RunSafe enables the transition from DevOps to DevSecOps
Who wants to immunize their software to catch vulnerabilities scanning tools miss?
RunSafe immunizes your software from cyber attack at run-time without slowing down developers, reducing the attack surface and thus avoiding system downtime of embedded systems, enterprise IT, cloud workloads, open source software, and IoT Devices. Because testing tools miss more than 50% of vulnerabilities, scanning and patching are not enough and disrupt both your teams and your customers.
RunSafe takes a different approach, using streamlined automation and sophisticated mitigation techniques rather than brute force find and fix methods. RunSafe’s approach means your systems are protected and monitored against both known and unknown vulnerabilities exposed at run-time that scanning tools miss at testing time. Our Alkemist software suite has three unique product offerings serving distinct phases in the DevOps software development lifecycle.
Alkemist automated software eliminates the entire class of memory corruption vulnerabilities, reducing your attack surface by 40% (the lowest number in the examples above).
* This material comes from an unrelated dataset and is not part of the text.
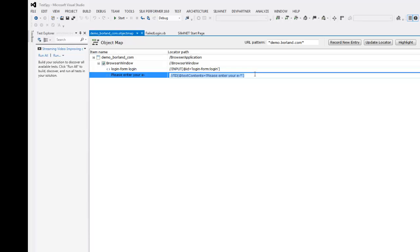I want to use another attribute to verify that the object with the text is displayed. So I select the locator in the object map and I click update locator.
Alkemist is also easily implemented, without changing the functionality of the original software or existing build, deploy, and monitoring processes.
Alkemist provides run-time protection to a wide range of systems. Alkemist application makes each instance of software functionally identical but logically unique, meaning attackers can’t access vulnerabilities. Target software includes in-house developed, COTS, GOTS, and open source running on IT enterprise equipment, OT and IoT devices, and specialized embedded systems. Alkemist protected software components are immunized against memory corruption attacks, including zero-days. Alkemist disrupts memory exploitation by varying the attack surface (the layout of your code). This entropy makes writing reliable exploits extremely difficult for hackers.
The three Alkemist offerings serve different constituencies and have different associated use cases as follows:
For developers who want to insert protection into their code at build time without disrupting release schedules.
Scanning tools are known to miss vulnerabilities, so adding a runtime prevention layer on top of those solutions provides a defense in depth strategy.
Typical use case: DevSecOps C/C++ pipeline.
For teams using open source software who want to download pre-hardened versions of those same software packages.
Vulnerabilities are inherited through the supply chain, so use pre-hardened versions of open source applications (web servers, databases, etc.). Just pull from our repo instead of the open source repo.
Typical use case: NGiNX, Node.js, etc.
For operators and product owners who want instant alerts of runtime software crashes that existing security tools miss.
Key indicators of lurking threats go undetected, so add run-time application failure alerts as key indicators of attack attempts with no runtime overhead.
Typical use case: Added alerts to an existing SOC (security operations center).